Between January 15 - 31, 2018, scientists will launch four rockets to measure x-ray emissions from space and determine how large quantities of water could affect the upper atmosphere and form Polar Mesospheric clouds, or PMCs.


Personnel at the Wallops Flight Facility test the DXL payload's ability to connect with the Global Positioning Satellite (GPS) network which will be used to determine the location of the payload during flight.
Credits: NASA/Berit Bland

One rocket will carry a science investigation called the Diffuse X-rays from the Local galaxy, or DXL, mission. This investigation aims to study the sources of X-rays that hurtle towards Earth from elsewh ere in our galaxy. "Very low energy diffuse X-rays from space are believed to come from two sources," said Massimiliano Galeazzi, the principal investigator for the DXL mission from the University of Miami, Florida. "The first source is located outside our solar system and is generated by remnants of multiple supernovae explosions forming what is now called the Local Hot Bubble region of our galaxy. The second source is within the solar system and is generated by the solar wind charge exchange . DXL seeks to gain a better understanding of the nature and characteristics of these sources."

Launching from Alaska brings important benefits to DXL. A launch from a range near the Earth's magnetic pole allows researchers to take X-ray measurements closer to the region wh ere the solar magnetic field interacts with Earth's magnetic field – especially beneficial when measuring X-rays from solar wind charge exchange . Also, the Alaskan PFRR is unique among US rocket ranges in allowing researchers to wait on the launch pad, ready to fly, for an extended period of time while waiting for optimal conditions when there is a strong solar wind. The daily launch window for the DXL payload to wait for these conditions is between 6 and 9 a.m. EST.


A Super Soaker payload is tested for its ability to operate while experiencing vibrations during flight.
Credits: NASA/Berit Bland

Three additional rockets will be flown from PFRR in another completely different science investigation named the Super Soaker mission.  This investigation focuses on the formation and dynamics of Polar Mesospheric Clouds (PMCs). "PMCs are layers of microscopic ice particles that form near 53 miles altitude and are extremely sensitive to small variations in their environment." Said Irfan Azeem, Super Soaker principal investigator from Atmospheric and Space Technology Research Associates in Boulder, Colorado. "Because they are so sensitive to variations, PMCs are often used to try to quantify changes in the upper atmosphere over many decades. However, their use as indicators of long-term change is complex and controversial because they also respond to many other shorter term variations such as tides, stratospheric weather and space vehicle exhaust."

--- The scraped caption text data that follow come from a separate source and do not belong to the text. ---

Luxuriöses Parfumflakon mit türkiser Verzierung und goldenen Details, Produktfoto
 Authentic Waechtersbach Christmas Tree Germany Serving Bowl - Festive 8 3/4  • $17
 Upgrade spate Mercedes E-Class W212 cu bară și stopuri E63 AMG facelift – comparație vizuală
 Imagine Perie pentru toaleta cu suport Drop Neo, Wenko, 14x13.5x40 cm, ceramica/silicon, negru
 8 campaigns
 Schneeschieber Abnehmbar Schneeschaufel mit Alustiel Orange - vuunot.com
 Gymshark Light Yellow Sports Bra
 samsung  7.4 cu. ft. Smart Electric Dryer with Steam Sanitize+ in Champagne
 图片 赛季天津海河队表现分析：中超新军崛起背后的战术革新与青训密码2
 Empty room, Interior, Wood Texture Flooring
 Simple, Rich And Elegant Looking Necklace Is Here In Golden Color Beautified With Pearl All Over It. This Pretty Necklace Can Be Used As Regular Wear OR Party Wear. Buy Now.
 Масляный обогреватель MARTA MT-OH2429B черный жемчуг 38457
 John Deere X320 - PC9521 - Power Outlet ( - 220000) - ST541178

Super Soaker will attempt to measure the impact of short-term changes on PMCs and other atmospheric variables by releasing vapor into the upper atmosphere. "Water vapor is a common exhaust product of spaceflight traffic," Azeem said. "Super Soaker will fly to the upper atmosphere carrying about 50 gallons of water, about the amount in a bathtub. We will release the water canister at 53 miles, dispersing and vaporizing the water. We will measure the basic state of the upper atmosphere before, during and after the release to determine the impact. These measurements include temperature, winds and high-altitude layers of ice particles known as polar mesospheric clouds."Super Soaker will use three Terrier-Improved Orion suborbital sounding rockets launched over a 32-minute duration. The launch window stretches from 9 a.m. to noon EST.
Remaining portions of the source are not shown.